Description of the task: Please write out every record exactly, but keep any images out of it.

(Stored items)
■ ■ ■

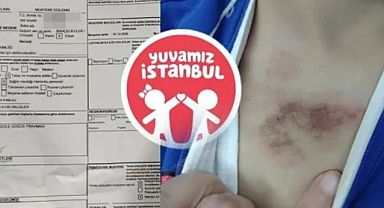 Eyüpsultan’da 3 Yaşındaki Çocuğa Şiddet ve İstismar İddiası; Valilik Soruşturma Başlattı!..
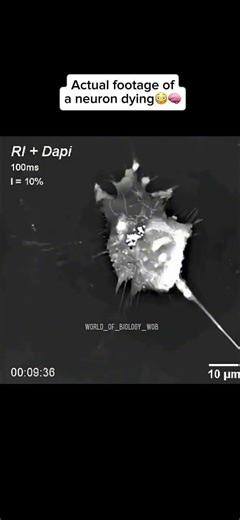 A Neuron dying under a microscope 😳🧠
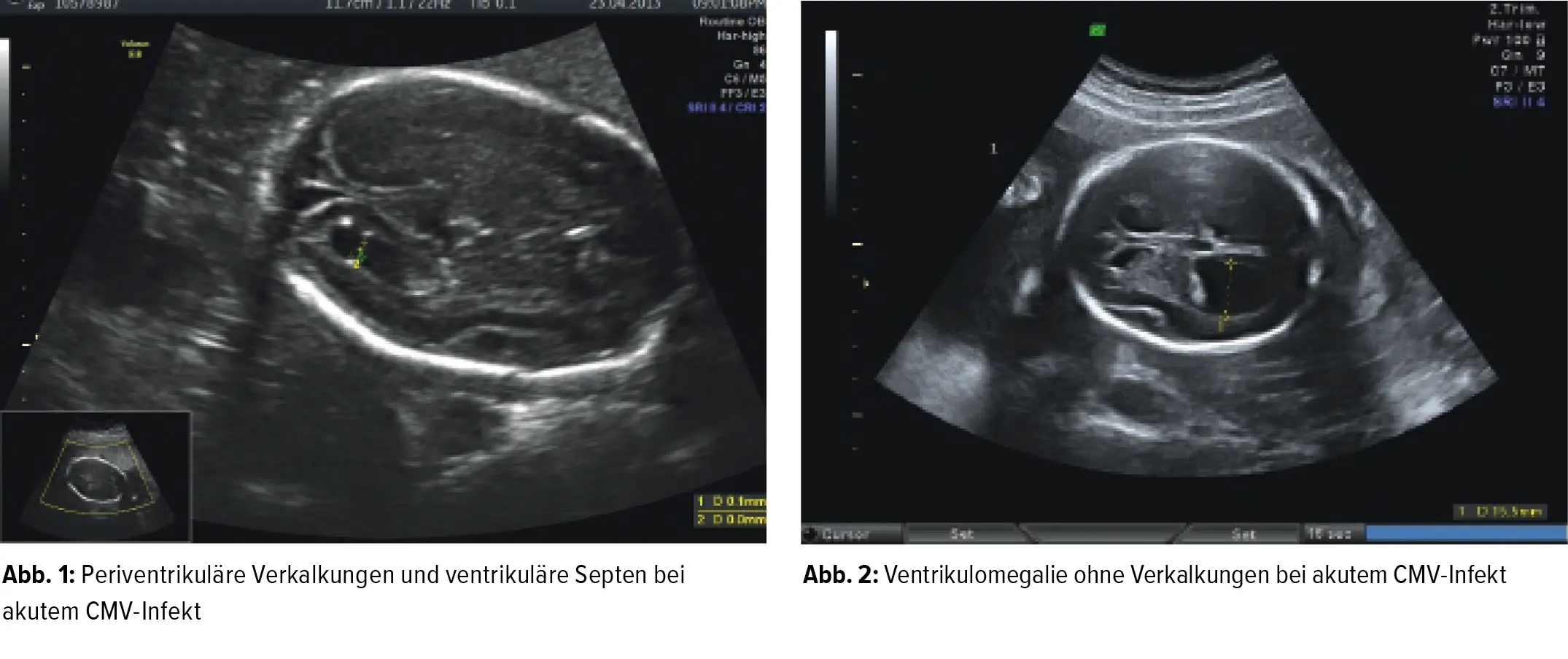 zytomegalie schwangerschaft - Wie merkt man dass man Cytomegalie hat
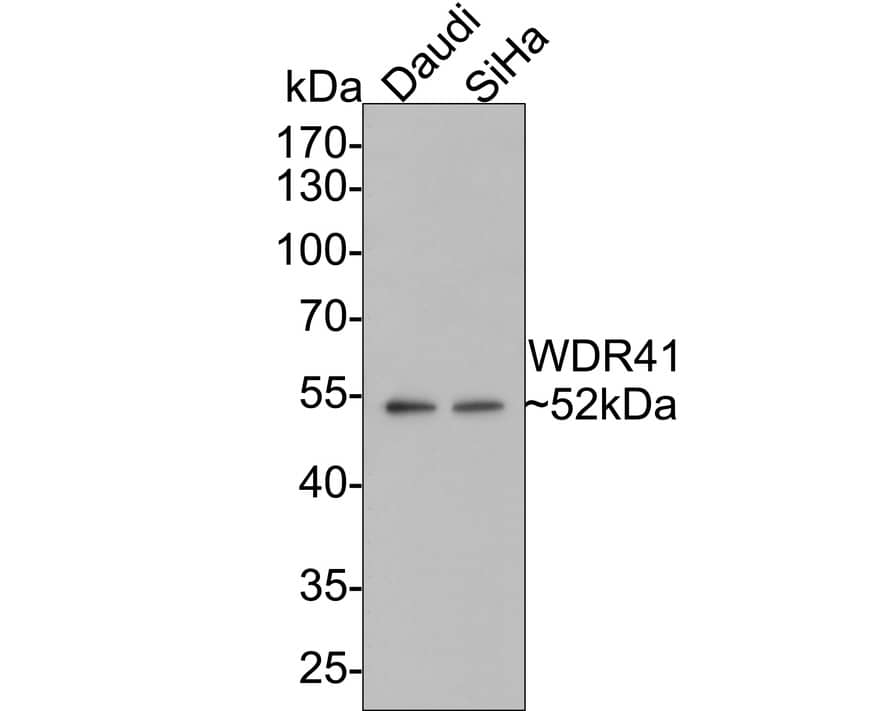 Western blot analysis on different lysates with NBP3-33100 at 1/1,000 dilution. Lane 1: Daudi cell lysate Lane 2: SiHa cell lysate Lysates/proteins at 10 µg/Lane. Predicted band size: 52 kDa Observed band size: 52 kDa Exposure time: 2 minutes; 10% SDS-PAGE gel. Proteins were transferred to a PVDF membrane and blocked with 5% NFDM/TBST for 1 hour at room temperature. NBP3-33100 at 1/1,000 dilution was used in 5% NFDM/TBST at room temperature for 2 hours. Goat anti-Mouse IgG [HRP] at 1:150,000 dilution was used for 1 hour at room temperature.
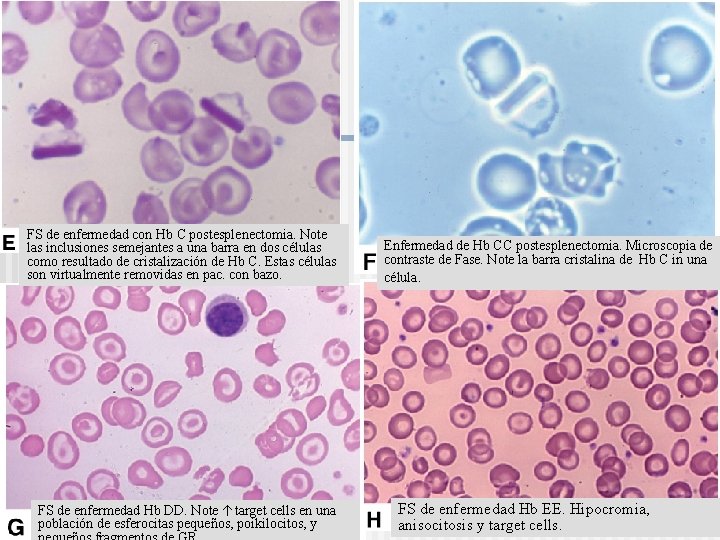 FS de enfermedad con Hb C postesplenectomia. Note las inclusiones semejantes a una barra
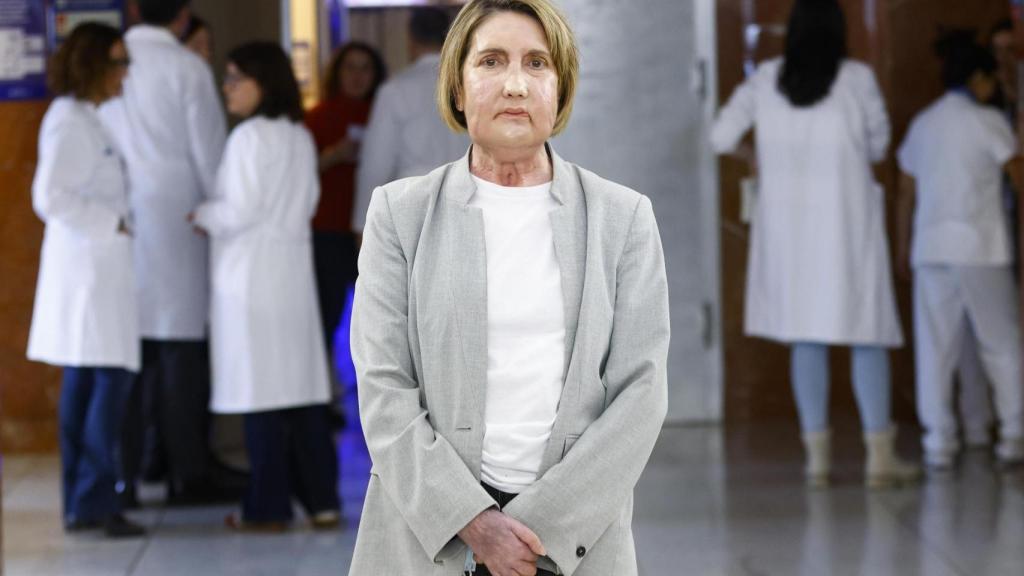 Primer trasplantament de cara del món d'una donant que va rebre una eutanàsia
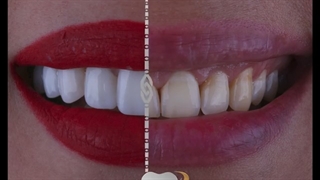 اصلاح طرح لبخند با استفاده از 10 واحد کامپوزیت ونیر فک بالا | دکتر حامد صالحی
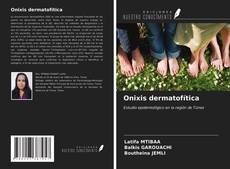 Bookcover of Onixis dermatofítica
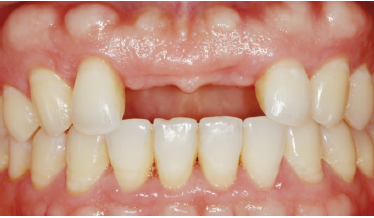 【临床实例】上牙列缺损伴慢性牙周炎牙齿移位一例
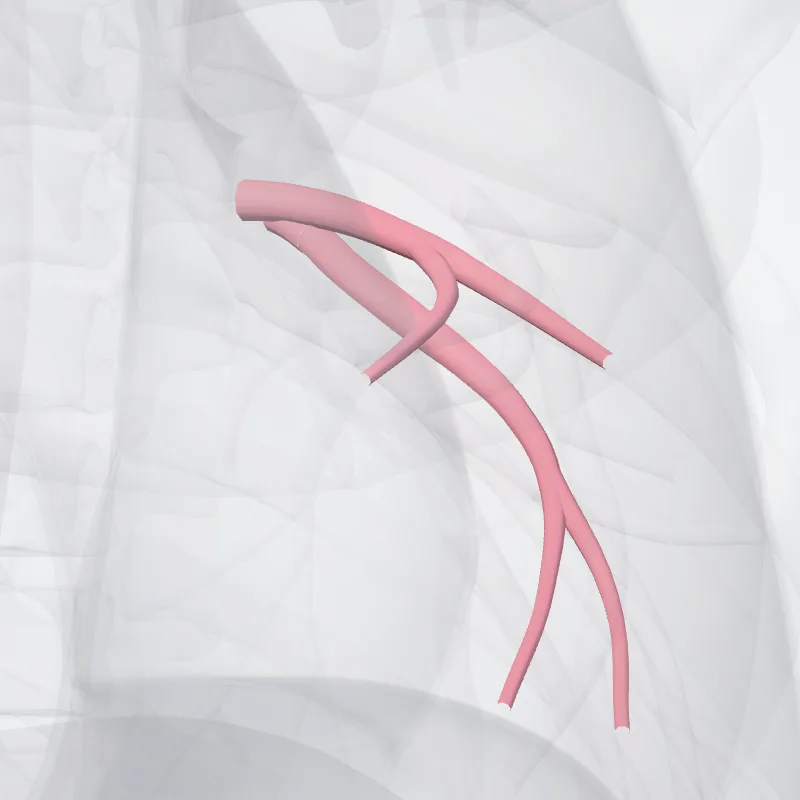 Lingular vein of left lung (Vena lingularis pulmonis sinistri) highlighted in a 3D model of the human body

■ ■ ■

The answer:
 Eyüpsultan’da 3 Yaşındaki Çocuğa Şiddet ve İstismar İddiası; Valilik Soruşturma Başlattı!..
 A Neuron dying under a microscope 😳🧠
 zytomegalie schwangerschaft - Wie merkt man dass man Cytomegalie hat
 Western blot analysis on different lysates with NBP3-33100 at 1/1,000 dilution. Lane 1: Daudi cell lysate Lane 2: SiHa cell lysate Lysates/proteins at 10 µg/Lane. Predicted band size: 52 kDa Observed band size: 52 kDa Exposure time: 2 minutes; 10% SDS-PAGE gel. Proteins were transferred to a PVDF membrane and blocked with 5% NFDM/TBST for 1 hour at room temperature. NBP3-33100 at 1/1,000 dilution was used in 5% NFDM/TBST at room temperature for 2 hours. Goat anti-Mouse IgG [HRP] at 1:150,000 dilution was used for 1 hour at room temperature.
 FS de enfermedad con Hb C postesplenectomia. Note las inclusiones semejantes a una barra
 Primer trasplantament de cara del món d'una donant que va rebre una eutanàsia
 اصلاح طرح لبخند با استفاده از 10 واحد کامپوزیت ونیر فک بالا | دکتر حامد صالحی
 Bookcover of Onixis dermatofítica
 【临床实例】上牙列缺损伴慢性牙周炎牙齿移位一例
 Lingular vein of left lung (Vena lingularis pulmonis sinistri) highlighted in a 3D model of the human body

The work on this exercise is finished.